Peralta breathed out. She reached into her pocket and took out the piece of paper. She had folded it twice, neatly. She didn’t like to carry a bag or a backpack, anything that might slow her down. She didn’t need the full gun belt with a flashlight, pepper spray, and a memo book. She had a pair of slacks with a pocket big enough for her notebook. With the notebook and her handgun, she was good to go anywhere. The sweatshirt hung low enough so that most people couldn’t see the gun, or the notebook for that matter. She unfolded the printout of the mugshot. She knelt on the tile and slid it underneath the door. She whispered.
“Evangeline, do you recognize this man? When you saw someone last week walking upstairs. Was this him?”
Silence on the other side of the door. Peralta worried for a minute that Evangeline would take the picture. That she’d be afraid to be caught with it in her apartment, and that she’d shred or burn it. Peralta stood up. She leaned back into the door again.
“Evangeline?”
There was the slightest sound from behind the door. Evangeline wasn’t speaking, but she was doing something. There were footsteps. There was the sound of tapping, scratching maybe.
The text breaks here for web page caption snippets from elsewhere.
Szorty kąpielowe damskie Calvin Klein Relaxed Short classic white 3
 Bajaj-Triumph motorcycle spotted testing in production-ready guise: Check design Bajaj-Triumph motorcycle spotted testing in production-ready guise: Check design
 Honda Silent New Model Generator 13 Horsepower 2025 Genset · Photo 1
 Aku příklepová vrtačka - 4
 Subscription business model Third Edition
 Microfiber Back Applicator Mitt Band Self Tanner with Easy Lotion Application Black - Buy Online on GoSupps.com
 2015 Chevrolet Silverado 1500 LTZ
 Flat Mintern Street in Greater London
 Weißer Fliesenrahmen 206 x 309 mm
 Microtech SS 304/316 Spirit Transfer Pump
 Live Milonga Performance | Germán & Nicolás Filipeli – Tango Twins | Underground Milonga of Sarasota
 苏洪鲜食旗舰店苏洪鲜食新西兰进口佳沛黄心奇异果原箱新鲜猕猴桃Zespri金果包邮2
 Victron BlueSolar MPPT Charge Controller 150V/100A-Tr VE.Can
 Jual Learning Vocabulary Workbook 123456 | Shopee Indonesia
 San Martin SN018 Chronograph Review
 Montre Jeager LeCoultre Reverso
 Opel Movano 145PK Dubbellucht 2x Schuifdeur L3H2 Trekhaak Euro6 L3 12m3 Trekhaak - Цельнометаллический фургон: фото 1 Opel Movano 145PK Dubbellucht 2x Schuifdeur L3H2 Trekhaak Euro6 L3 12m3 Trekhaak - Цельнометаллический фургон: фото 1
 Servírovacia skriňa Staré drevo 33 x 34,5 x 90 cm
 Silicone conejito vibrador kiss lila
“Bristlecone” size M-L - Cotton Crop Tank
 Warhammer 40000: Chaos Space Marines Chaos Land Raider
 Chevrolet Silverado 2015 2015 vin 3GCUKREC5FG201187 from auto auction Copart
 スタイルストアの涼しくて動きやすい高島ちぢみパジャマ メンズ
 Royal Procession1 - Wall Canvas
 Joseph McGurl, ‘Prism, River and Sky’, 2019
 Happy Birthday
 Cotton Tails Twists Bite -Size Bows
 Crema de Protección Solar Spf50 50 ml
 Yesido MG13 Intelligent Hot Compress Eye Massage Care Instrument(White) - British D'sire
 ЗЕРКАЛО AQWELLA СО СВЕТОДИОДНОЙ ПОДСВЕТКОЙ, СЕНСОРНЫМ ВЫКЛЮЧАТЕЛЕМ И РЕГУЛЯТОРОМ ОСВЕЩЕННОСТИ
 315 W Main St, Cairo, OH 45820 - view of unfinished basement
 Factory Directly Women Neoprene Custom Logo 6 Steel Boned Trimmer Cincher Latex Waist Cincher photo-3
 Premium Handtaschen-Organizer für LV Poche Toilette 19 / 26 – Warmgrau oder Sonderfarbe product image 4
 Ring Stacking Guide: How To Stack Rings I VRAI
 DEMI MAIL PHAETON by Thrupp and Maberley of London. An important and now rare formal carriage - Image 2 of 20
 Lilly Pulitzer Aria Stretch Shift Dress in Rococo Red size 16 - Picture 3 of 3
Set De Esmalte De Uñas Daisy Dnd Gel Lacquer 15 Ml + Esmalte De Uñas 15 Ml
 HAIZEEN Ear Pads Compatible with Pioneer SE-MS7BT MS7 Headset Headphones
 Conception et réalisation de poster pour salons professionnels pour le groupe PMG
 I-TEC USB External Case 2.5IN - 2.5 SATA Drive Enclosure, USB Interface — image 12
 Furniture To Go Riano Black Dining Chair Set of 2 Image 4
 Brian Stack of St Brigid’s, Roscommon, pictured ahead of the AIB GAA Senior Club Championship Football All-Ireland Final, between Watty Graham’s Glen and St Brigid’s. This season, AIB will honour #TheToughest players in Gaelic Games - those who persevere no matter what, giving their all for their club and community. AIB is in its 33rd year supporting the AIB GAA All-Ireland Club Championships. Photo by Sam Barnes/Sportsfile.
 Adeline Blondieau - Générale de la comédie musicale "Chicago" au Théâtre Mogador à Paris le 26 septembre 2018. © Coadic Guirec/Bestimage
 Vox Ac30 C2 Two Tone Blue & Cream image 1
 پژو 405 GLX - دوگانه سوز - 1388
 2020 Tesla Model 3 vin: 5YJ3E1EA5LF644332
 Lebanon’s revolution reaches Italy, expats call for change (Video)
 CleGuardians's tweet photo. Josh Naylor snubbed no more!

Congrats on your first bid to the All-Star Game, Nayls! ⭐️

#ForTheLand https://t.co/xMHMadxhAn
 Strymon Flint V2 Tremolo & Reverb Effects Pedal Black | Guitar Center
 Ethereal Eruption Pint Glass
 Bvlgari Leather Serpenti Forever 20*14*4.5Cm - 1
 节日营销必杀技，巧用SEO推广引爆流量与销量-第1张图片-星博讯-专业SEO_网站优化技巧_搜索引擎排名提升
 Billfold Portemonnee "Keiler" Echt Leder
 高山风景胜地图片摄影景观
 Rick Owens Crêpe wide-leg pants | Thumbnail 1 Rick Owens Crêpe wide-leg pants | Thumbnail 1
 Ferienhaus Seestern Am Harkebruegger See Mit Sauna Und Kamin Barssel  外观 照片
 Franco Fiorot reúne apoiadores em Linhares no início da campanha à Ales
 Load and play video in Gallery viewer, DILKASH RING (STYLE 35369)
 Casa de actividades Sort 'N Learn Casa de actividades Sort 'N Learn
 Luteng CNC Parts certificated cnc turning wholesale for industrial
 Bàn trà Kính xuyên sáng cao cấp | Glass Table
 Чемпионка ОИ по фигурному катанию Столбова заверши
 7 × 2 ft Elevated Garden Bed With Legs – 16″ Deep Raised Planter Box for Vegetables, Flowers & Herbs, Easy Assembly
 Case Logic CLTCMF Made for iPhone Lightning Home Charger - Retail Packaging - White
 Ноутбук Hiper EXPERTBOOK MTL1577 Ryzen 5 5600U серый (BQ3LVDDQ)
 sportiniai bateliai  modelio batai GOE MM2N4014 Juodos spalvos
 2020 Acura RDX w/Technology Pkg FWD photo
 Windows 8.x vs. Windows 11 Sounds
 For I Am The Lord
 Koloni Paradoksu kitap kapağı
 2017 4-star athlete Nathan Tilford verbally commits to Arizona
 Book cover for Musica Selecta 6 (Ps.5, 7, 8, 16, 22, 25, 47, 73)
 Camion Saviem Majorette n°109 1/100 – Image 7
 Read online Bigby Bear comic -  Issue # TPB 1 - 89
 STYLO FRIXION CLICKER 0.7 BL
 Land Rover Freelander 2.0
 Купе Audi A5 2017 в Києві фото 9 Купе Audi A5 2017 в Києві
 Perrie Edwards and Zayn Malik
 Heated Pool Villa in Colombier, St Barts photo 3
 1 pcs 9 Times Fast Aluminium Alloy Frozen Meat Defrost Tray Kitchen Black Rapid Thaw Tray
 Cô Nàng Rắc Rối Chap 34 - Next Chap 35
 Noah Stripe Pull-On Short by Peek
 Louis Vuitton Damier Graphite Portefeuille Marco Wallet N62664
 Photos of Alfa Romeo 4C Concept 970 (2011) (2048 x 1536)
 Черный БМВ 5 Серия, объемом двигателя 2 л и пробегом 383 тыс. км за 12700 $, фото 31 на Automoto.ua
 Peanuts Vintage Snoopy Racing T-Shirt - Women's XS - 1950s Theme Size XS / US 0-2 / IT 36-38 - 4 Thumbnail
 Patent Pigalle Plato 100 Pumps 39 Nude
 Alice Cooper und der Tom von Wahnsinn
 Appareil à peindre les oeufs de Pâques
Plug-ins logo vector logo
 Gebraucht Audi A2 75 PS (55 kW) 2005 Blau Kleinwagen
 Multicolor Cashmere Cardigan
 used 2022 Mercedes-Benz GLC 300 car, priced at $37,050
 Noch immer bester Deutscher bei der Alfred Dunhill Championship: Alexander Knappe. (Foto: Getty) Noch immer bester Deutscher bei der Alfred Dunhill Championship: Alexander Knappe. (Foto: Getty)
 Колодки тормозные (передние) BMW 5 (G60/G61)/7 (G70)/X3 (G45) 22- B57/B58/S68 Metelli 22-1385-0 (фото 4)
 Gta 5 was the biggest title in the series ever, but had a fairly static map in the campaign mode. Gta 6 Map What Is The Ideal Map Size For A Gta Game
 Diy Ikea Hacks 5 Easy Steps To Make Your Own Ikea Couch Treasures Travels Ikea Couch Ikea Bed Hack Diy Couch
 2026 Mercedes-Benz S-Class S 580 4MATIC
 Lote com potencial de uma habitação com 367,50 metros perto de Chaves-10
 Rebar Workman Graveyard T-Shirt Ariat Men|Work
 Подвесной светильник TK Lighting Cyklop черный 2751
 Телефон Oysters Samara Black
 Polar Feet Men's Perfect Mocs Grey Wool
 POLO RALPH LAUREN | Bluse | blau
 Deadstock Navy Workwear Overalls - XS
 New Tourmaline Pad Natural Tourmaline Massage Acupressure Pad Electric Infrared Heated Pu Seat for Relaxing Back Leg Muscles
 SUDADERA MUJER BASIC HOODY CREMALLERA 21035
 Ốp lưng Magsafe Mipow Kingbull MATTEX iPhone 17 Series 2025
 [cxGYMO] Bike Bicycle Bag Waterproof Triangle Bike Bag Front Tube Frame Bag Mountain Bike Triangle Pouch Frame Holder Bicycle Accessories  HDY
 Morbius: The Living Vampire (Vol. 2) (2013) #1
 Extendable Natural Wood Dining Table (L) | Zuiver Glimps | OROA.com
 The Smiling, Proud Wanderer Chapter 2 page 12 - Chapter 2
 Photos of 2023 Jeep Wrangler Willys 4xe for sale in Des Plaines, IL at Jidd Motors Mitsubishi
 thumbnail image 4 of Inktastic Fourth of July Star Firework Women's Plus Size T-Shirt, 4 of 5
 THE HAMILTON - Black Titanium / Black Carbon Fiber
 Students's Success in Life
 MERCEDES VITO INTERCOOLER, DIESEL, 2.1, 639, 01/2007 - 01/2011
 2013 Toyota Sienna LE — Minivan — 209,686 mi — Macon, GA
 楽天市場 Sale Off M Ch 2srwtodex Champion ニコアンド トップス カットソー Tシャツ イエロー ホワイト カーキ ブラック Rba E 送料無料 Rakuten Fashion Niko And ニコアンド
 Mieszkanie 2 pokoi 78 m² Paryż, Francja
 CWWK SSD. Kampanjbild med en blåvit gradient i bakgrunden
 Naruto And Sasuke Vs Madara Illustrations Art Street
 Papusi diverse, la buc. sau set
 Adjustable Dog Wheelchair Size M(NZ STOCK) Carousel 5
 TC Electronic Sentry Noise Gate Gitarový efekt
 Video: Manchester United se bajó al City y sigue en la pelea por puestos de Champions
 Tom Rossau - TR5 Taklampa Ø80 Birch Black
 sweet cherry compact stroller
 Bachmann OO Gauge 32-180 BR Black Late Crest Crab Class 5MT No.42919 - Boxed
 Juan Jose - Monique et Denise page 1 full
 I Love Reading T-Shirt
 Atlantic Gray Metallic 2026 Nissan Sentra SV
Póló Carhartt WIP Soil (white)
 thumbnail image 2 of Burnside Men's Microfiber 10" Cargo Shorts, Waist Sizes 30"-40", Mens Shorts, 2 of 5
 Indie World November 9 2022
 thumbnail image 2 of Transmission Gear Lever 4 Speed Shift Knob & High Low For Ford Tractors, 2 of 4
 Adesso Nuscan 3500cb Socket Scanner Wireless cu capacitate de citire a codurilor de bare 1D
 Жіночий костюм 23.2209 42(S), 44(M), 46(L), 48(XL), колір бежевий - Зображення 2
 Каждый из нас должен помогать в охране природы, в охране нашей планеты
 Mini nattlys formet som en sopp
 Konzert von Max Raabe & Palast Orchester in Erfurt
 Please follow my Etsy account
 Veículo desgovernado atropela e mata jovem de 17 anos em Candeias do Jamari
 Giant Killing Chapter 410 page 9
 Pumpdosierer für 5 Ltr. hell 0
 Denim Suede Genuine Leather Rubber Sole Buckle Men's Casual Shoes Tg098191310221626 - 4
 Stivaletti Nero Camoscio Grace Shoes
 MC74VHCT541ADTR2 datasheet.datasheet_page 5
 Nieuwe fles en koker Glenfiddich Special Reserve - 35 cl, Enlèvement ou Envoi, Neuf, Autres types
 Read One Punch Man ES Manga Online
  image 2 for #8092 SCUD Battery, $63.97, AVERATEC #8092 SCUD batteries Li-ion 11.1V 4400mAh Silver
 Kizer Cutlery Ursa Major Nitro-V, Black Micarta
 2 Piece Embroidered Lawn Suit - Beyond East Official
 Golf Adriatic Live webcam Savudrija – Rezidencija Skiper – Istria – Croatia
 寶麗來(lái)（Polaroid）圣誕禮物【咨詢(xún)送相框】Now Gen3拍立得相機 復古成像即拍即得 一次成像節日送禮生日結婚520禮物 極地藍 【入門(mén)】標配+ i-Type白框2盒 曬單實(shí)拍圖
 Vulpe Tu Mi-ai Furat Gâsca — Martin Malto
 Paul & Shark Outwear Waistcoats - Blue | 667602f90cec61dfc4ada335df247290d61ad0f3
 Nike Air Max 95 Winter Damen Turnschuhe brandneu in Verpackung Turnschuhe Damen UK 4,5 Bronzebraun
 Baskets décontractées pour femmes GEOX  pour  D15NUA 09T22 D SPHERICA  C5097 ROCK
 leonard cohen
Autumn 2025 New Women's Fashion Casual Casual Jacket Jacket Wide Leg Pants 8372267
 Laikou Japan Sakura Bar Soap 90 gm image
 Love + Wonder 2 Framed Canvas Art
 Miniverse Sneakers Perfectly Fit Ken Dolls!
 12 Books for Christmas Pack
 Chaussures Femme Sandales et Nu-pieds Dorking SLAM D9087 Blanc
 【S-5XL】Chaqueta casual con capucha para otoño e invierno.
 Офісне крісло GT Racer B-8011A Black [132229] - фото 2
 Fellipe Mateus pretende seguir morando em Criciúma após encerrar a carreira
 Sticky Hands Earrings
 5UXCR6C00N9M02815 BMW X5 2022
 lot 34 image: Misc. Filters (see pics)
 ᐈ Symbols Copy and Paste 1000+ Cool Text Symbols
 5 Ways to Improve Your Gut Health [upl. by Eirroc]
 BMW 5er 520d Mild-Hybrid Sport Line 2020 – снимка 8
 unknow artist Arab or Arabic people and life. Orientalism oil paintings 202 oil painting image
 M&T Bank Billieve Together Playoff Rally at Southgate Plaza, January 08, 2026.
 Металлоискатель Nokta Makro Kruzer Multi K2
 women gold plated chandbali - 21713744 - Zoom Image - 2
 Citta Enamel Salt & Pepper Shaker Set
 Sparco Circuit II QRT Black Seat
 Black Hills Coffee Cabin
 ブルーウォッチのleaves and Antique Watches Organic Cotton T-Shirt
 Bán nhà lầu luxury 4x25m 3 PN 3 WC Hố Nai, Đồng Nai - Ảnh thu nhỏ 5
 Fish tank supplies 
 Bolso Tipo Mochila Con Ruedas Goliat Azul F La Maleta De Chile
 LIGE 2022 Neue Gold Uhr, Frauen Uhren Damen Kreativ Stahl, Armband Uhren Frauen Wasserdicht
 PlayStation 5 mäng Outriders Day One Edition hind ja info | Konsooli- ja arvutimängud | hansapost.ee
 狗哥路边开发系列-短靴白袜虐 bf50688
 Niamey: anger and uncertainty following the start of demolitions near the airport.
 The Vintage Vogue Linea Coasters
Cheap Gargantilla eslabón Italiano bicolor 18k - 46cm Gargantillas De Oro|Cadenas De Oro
Peralta was not naturally patient: the wait from behind the door was interminable. She was ready to try to force the handle of the door when the paper slid back out again, and the voice along with it.
“Now go away. Leave me alone. I’ll manage much better without you.”
Peralta crouched over and picked up the paper. It had been unfolded, written on, and folded again. She stood and opened it. Across the bottom of the page, below the mugshot, Evangeline had written two words in neat, formal script: “That’s Him.”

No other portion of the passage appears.